The report finds that most participating countries subject representatives of the state ownership to conflict of interest rules, and all countries to rules on handling sensitive information. It appears moreover that countries offer representatives of the state ownership avenues to report concerns of irregular practices through public sector reporting channels. Underreporting remains, however, a challenge and with individuals still fearful in many countries of using reporting channels, state owners should continue to strive towards meeting international standards on whistle‑blower protection.
With regard to objective setting, states are commonly involved in the exercise and, in most case have clear records of individual SOE objectives, though the specificity varies. However, the report also finds that there is substantially less information available on the procedures for modifying SOE objectives. With more than half of the assessed countries having centralised functions within one entity, the report further explores how separating ownership from other government functions can minimise conflict of interest, and opportunities for political intervention and undue influence.
Protecting the integrity and autonomy of SOE decision makers
As established in the OECD Guidelines on Corporate Governance of State‑Owned Enterprises (SOE Guidelines) and elaborated upon in the ACI Guidelines, it is a prime responsibility of the state to ensure that boards have the necessary authority, diversity, competencies, and objectivity to autonomously carry out their function with integrity.
The report finds that most participating countries require independent board members to sit on SOE boards of at least large companies, and generally limit the presence of politicians or at minimum hold them to equal standards as other board members. Former politicians are generally permitted to sit on boards, and a number of countries have reported implementing “cooling off periods” to manage potential conflicts of interest or transfer of sensitive information.

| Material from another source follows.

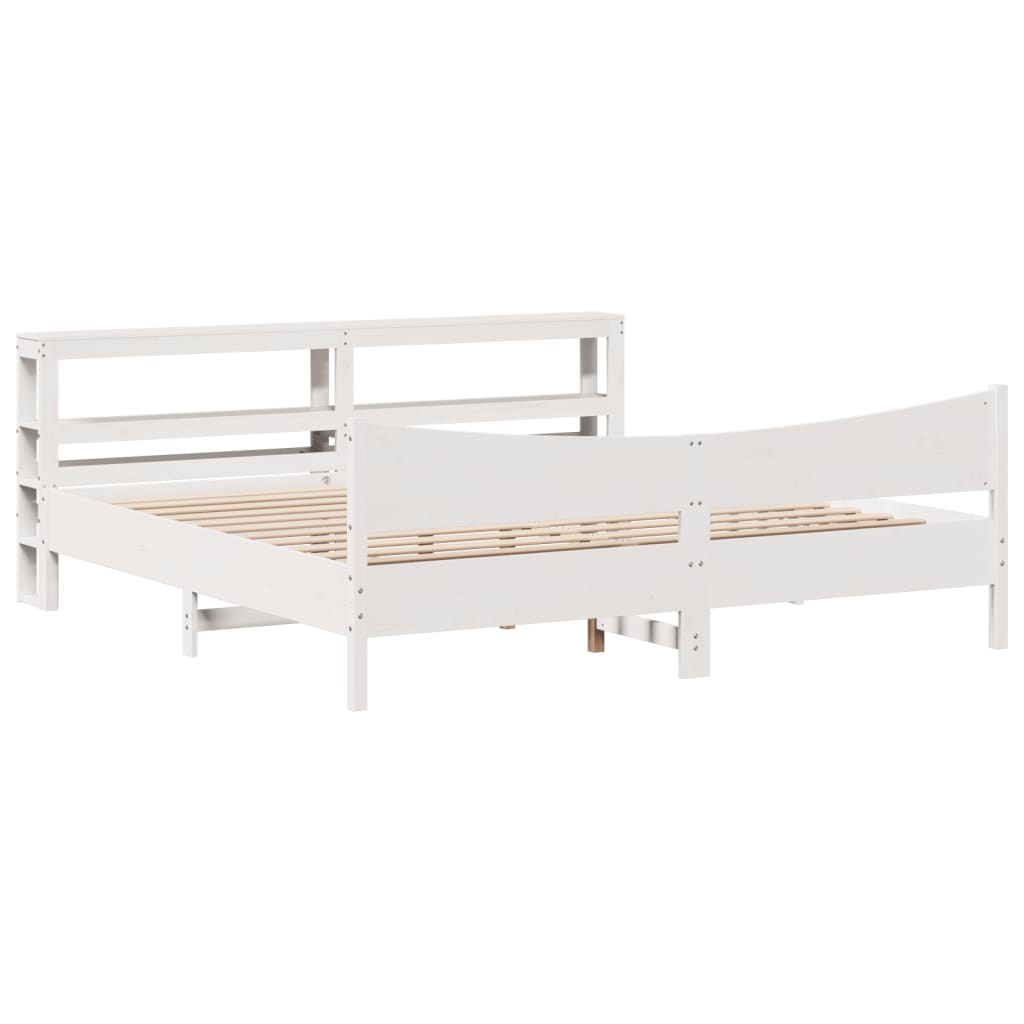 vidaXL Rama łóżka z wezgłowiem, biała, 200x200 cm, lite drewno sosnowe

The report also finds that in most countries the state is involved, at least to some degree either through shareholder meetings, in approving board nominations or by direct appointment of the CEO and other members of executive management. This may pose a significant risk because, as demonstrated by earlier OECD studies, some of the worst integrity breaches tend to occur when CEOs are appointed at the sole discretion of high-level politicians. Moreover, just over half of participated countries reported having established minimum qualification criteria for board members, with some countries having criteria that help to elucidate personal integrity.
Bringing transparency to ownership arrangements and communication
Finally, the ACI Guidelines seek to limit opportunities for instructions or dealings that fall outside of formal channels of communication by encouraging state owners to establish with whom, how and when communication should occur.

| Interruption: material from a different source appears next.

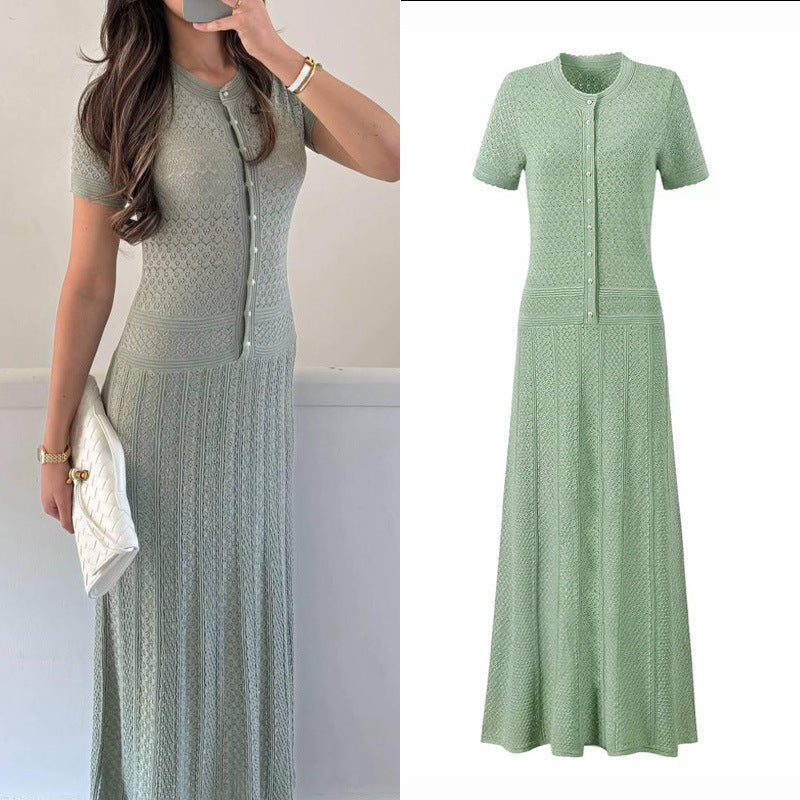 Hollow-out Waist-Cinching Elegant Polka-Dot Dress For Women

The report finds that there is little information available on countries’ ownership structure and the roles of non-ownership state functions in overseeing SOEs. While some of this information may be available in annual aggregate reports, or their online equivalents, information can be inconsistent and unavailable for a swathe of SOEs. There is also little information available about the communication between various representatives of the state and SOEs, which may mean that communication itself is informal and inconsistent, or simply that there is no framework that countries can easily point to that captures the occasions for interaction.
Countries are therefore encouraged to develop frameworks that clarify the acceptable opportunities and forms or means of communication between the state owner, the board, and the executive management in line with the ACI Guidelines recommendations.